At the beginning of 1982, David Murray looked set for stardom

David Murray in action during the second Test against Pakistan in Faisalabad in 1980  •  Adrian Murrell/Allsport

David Murray in action during the second Test against Pakistan in Faisalabad in 1980  •  Adrian Murrell/Allsport

MURRAY, DAVID ANTHONY, died on November 25, aged 72.
At the beginning of 1982, David Murray looked set for stardom, having just collected a West Indian record nine dismissals in the Boxing Day Test against Greg Chappell's Australians. One Test later, he was gone, a pariah who would never again play at the highest level. An apparently sudden fall from grace had deeper roots. Born into cricketing aristocracy in Barbados - he was the son of Everton Weekes - the soft-spoken Murray grew up with his grandmother in the parish of St Michael, and discovered marijuana in his early teens, revelling in the social status it gave him. It also dulled the hurt he felt at an inability to connect with his father - and it would be a faithful companion for the rest of his life.
Murray was a gifted keeper and elegant batsman, first with his father's side, Empire, then with Spartan, the club of the black elite. "Little D" was popular in the dressing-room, endearing himself to team-mates with his gentle manner, natty dress sense and smooth way with women. He was the long-serving Deryck Murray's understudy in the West Indian squad from 1973, earning a reputation as a technically superior keeper, agile and silky. Malcolm Marshall and Michael Holding both rated him the best they bowled to; even Jeff Dujon, his eventual successor, said Murray's footwork made him look like Dolly Parton. However, as Dujon also observed, his life choices didn't always mirror his excellent decisions behind the stumps.
Murray's Test debut came early in 1978, against an Australian side led by Bob Simpson, in a series overshadowed by the schism with World Series Cricket.
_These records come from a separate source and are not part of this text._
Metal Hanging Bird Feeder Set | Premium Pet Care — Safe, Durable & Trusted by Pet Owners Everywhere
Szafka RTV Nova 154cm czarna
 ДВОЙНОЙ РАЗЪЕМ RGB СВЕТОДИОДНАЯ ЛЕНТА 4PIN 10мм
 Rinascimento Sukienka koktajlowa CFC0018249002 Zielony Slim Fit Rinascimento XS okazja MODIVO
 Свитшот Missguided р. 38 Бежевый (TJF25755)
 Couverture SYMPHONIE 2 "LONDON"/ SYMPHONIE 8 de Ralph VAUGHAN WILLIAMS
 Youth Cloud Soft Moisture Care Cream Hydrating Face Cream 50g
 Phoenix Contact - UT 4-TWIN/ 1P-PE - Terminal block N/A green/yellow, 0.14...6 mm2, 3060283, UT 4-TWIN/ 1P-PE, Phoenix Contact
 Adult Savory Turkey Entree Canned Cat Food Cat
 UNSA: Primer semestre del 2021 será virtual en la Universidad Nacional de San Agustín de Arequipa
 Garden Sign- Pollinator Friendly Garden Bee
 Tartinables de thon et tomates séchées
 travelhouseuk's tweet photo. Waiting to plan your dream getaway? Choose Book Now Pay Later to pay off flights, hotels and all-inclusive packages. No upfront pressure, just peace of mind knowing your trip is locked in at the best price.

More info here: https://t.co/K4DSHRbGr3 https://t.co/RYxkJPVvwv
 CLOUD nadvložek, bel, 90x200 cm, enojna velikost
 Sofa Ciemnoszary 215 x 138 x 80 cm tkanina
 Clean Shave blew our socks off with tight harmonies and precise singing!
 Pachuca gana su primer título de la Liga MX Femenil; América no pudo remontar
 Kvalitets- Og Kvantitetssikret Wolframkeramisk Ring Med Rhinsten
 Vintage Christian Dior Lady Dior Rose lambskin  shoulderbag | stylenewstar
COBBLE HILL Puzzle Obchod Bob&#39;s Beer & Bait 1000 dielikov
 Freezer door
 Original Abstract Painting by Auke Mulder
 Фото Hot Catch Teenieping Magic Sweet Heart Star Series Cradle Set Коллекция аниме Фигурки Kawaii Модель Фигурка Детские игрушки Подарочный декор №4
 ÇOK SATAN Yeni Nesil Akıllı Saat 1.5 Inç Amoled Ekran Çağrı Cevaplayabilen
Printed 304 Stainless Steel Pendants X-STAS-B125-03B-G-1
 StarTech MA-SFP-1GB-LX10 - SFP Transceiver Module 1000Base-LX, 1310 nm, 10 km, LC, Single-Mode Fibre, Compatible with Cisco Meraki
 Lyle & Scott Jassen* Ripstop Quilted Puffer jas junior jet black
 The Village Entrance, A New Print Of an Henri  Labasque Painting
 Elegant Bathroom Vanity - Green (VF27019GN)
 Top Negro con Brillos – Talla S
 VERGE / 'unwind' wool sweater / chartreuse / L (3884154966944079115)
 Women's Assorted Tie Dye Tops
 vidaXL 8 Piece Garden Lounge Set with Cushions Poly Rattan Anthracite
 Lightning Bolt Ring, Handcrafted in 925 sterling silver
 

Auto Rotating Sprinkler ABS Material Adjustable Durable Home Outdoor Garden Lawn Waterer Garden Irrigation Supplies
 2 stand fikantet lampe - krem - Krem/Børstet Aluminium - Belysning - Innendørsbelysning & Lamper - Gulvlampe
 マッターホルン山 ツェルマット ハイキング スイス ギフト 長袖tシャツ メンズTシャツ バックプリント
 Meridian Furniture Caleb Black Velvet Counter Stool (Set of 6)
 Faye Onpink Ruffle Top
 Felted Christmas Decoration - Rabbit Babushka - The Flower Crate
Two years later, Murray finally usurped his namesake Deryck, and was part of the great West Indian side that began a 27-Test unbeaten streak. But his marijuana addiction had begun to spill on to the pitch - Murray claimed it gave him greater focus during long days in the sun - and on that tour of Australia in 1981-82 he regularly missed team meetings and rowed with the management. He had played in the first two Tests despite a broken finger, and felt he deserved to be cut some slack, but Dujon was preferred in the Third because of his superior batting - and behaviour. And that, for Murray, was that.
Aggrieved at how his Test career had panned out, he was an easy target for the rebel tours of apartheid South Africa in the 1980s. Defying Caribbean public opinion, he pocketed over $100,000 to join the West Indian team led by Lawrence Rowe. But there was a price to pay. When Murray returned to Barbados, he was labelled a race traitor, and banned from first-class cricket. His marriage to Kerry McAteer, an Australian, broke down, and he turned to harder drugs - and dealing.
In later years he led a spartan, Rasta-like existence, sporting grey dreadlocks and scraping together a living on the tourist beaches. When possible, he dispensed coaching tips to emerging wicketkeepers (Ricky Hoyte, one of his six children, also kept for Barbados). Some never forgave him his rebel transgressions, but he earned respect for his sharp cricket brain and friendly disposition. On the day of his death, he had been watching the football World Cup at a sports bar with former Test spinner Sulieman Benn and Barbados Cricket Association president Conde Riley; that evening, Murray collapsed outside his home in the Bridgetown suburb of Station Hill.